We report extensive experimental results for parsing humans on the challenging PASCAL-Person-Part dataset [6] and for parsing animals on a horse-cow dataset [29]. Our approach outperforms previous state-of-the-arts by a large margin. We are particulary good at detecting small object parts.

2 Background

The study of human part parsing has been largely restricted to constrained environments, where a human instance in an image is well localized and has a relatively simple pose like standing or walking [3, 8, 9, 21, 33, 34, 36]. These shape-based or appearance-based models (with hand-crafted features or bottom-up segments) are limited when applied to parsing human instances in the wild because humans in real-world images are often in various poses, scales, and may be occluded or highly deformed.
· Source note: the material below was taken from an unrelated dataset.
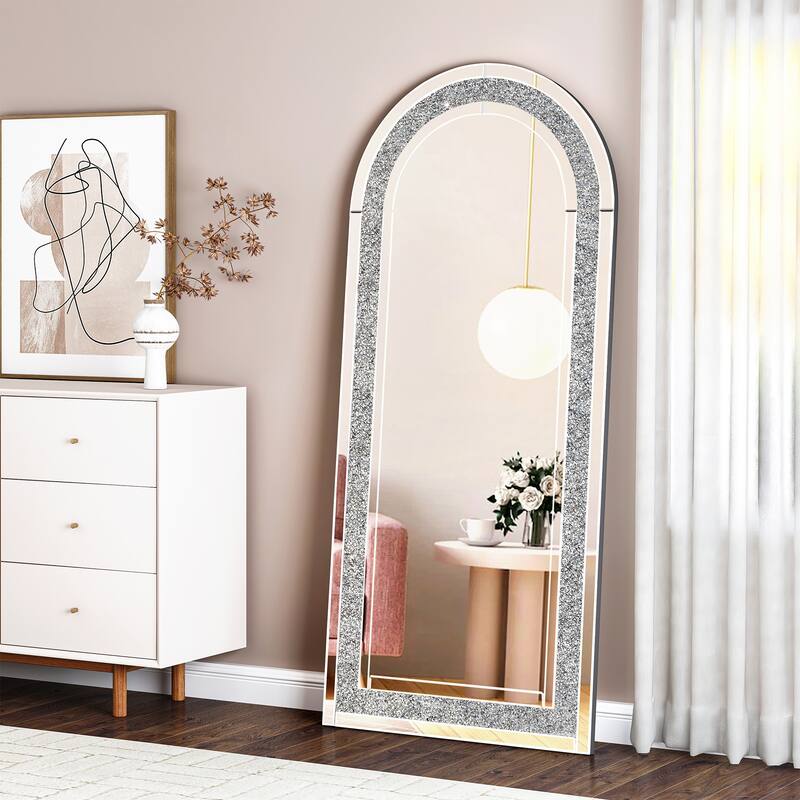Arched Full Length Floor Mirror Diamond Accent Full Body Mirror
Over the past few years, with the powerful deep convolutional neural networks (DCNNs) [17] and big data, researchers have made significant performance improvement for semantic object segmentation in the wild [4, 7, 22, 24, 25, 28, 31], showing that DCNNs can also be applied to segment object parts in the wild. These deep segmentation models work on the whole image, regarding each semantic part as a class label. But this strategy suffers from the large scale variation of objects and parts, and many details can be easily missed. [13] proposed to sequentially perform object detection, object segmentation and part segmentation, in which the object is first localized by a RCNN [12], then the object (in the form of a bounding box) is segmented by a FCN [23] to produce an object mask, and finally part segmentation is performed by partitioning the mask. The process has two potential drawbacks: (1) it is complex to train all components of the model; (2) the error from object masks, e.g. local confusion and inaccurate edges, propagates to the part segments. Our model follows this general coarse-to-fine strategy, but is more unified (with all three FCNs employing the same structure) and more importantly, we do not make premature decisions. In order to better discover object details and use object-level context, [30] employed a two-stream FCN to jointly infer object and part segmentations for animals, where the part stream was performed to discover part-level details and the object stream was performed to find object-level context. Although this work discovers object-level context to help part parsing, it only uses a single-scale network for both object and part score prediction, where small-scale objects might be missed at the beginning and the scale variation of parts still remains unsolved.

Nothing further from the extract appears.